**Provided records**:
---

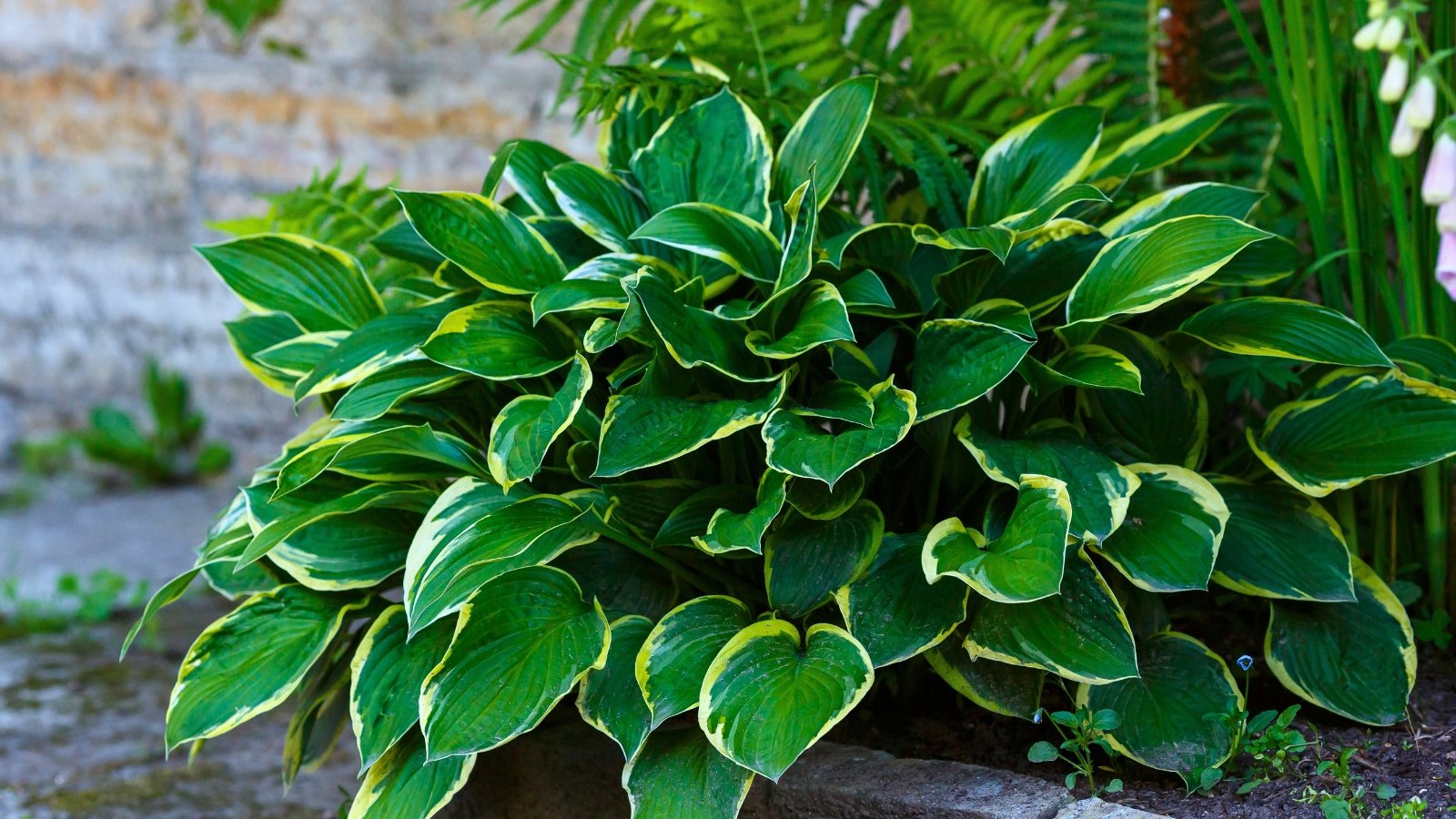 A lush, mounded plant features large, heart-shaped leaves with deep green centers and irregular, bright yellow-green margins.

---

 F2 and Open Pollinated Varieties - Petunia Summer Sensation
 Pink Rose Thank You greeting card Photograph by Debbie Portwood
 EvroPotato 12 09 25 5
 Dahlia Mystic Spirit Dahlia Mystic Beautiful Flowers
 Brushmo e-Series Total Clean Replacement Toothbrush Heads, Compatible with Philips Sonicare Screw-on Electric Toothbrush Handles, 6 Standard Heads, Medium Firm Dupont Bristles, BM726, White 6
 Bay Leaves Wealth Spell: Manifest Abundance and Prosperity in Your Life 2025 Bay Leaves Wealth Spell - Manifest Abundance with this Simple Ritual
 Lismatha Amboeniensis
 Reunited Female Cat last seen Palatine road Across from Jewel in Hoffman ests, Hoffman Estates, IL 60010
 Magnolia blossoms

---

**Task item**:
There is a line with "Dahlia Mystic Spirit" and a line with "Brushmo e-Series Total" above. Copy exactly those two lines and all lines between them, with nothing else.

**Reply to the task**:
 Dahlia Mystic Spirit Dahlia Mystic Beautiful Flowers
 Brushmo e-Series Total Clean Replacement Toothbrush Heads, Compatible with Philips Sonicare Screw-on Electric Toothbrush Handles, 6 Standard Heads, Medium Firm Dupont Bristles, BM726, White 6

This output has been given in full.